Items from a dataset:
==*==

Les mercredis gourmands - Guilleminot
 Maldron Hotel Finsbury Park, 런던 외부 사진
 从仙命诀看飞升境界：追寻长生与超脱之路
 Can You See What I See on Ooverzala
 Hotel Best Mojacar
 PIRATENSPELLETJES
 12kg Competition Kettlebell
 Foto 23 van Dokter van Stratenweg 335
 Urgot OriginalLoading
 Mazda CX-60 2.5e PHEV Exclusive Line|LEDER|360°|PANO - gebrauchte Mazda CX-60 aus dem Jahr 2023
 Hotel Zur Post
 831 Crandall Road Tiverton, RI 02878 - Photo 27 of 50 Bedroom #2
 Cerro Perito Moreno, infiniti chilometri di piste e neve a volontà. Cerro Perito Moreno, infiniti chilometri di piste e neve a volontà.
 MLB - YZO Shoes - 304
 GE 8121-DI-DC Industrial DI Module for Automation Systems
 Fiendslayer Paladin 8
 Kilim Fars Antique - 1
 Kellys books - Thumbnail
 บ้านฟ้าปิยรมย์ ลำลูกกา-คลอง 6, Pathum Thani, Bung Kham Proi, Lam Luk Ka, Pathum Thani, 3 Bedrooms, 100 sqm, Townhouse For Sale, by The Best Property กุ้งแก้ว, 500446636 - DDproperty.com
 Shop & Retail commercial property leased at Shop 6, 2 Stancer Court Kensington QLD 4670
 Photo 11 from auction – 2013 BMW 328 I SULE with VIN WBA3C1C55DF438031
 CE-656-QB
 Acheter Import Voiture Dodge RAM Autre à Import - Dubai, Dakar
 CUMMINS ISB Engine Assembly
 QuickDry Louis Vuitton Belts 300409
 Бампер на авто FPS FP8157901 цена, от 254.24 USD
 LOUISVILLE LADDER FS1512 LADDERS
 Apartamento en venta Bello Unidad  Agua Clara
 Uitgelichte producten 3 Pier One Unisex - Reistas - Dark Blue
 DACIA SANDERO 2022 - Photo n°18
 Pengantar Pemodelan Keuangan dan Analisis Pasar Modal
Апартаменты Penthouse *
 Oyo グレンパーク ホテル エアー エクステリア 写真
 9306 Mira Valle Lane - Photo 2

==*==

■ Work required:
Using the exact wording, repeat all the entries.

■ Written reply:
Les mercredis gourmands - Guilleminot
 Maldron Hotel Finsbury Park, 런던 외부 사진
 从仙命诀看飞升境界：追寻长生与超脱之路
 Can You See What I See on Ooverzala
 Hotel Best Mojacar
 PIRATENSPELLETJES
 12kg Competition Kettlebell
 Foto 23 van Dokter van Stratenweg 335
 Urgot OriginalLoading
 Mazda CX-60 2.5e PHEV Exclusive Line|LEDER|360°|PANO - gebrauchte Mazda CX-60 aus dem Jahr 2023
 Hotel Zur Post
 831 Crandall Road Tiverton, RI 02878 - Photo 27 of 50 Bedroom #2
 Cerro Perito Moreno, infiniti chilometri di piste e neve a volontà. Cerro Perito Moreno, infiniti chilometri di piste e neve a volontà.
 MLB - YZO Shoes - 304
 GE 8121-DI-DC Industrial DI Module for Automation Systems
 Fiendslayer Paladin 8
 Kilim Fars Antique - 1
 Kellys books - Thumbnail
 บ้านฟ้าปิยรมย์ ลำลูกกา-คลอง 6, Pathum Thani, Bung Kham Proi, Lam Luk Ka, Pathum Thani, 3 Bedrooms, 100 sqm, Townhouse For Sale, by The Best Property กุ้งแก้ว, 500446636 - DDproperty.com
 Shop & Retail commercial property leased at Shop 6, 2 Stancer Court Kensington QLD 4670
 Photo 11 from auction – 2013 BMW 328 I SULE with VIN WBA3C1C55DF438031
 CE-656-QB
 Acheter Import Voiture Dodge RAM Autre à Import - Dubai, Dakar
 CUMMINS ISB Engine Assembly
 QuickDry Louis Vuitton Belts 300409
 Бампер на авто FPS FP8157901 цена, от 254.24 USD
 LOUISVILLE LADDER FS1512 LADDERS
 Apartamento en venta Bello Unidad  Agua Clara
 Uitgelichte producten 3 Pier One Unisex - Reistas - Dark Blue
 DACIA SANDERO 2022 - Photo n°18
 Pengantar Pemodelan Keuangan dan Analisis Pasar Modal
Апартаменты Penthouse *
 Oyo グレンパーク ホテル エアー エクステリア 写真
 9306 Mira Valle Lane - Photo 2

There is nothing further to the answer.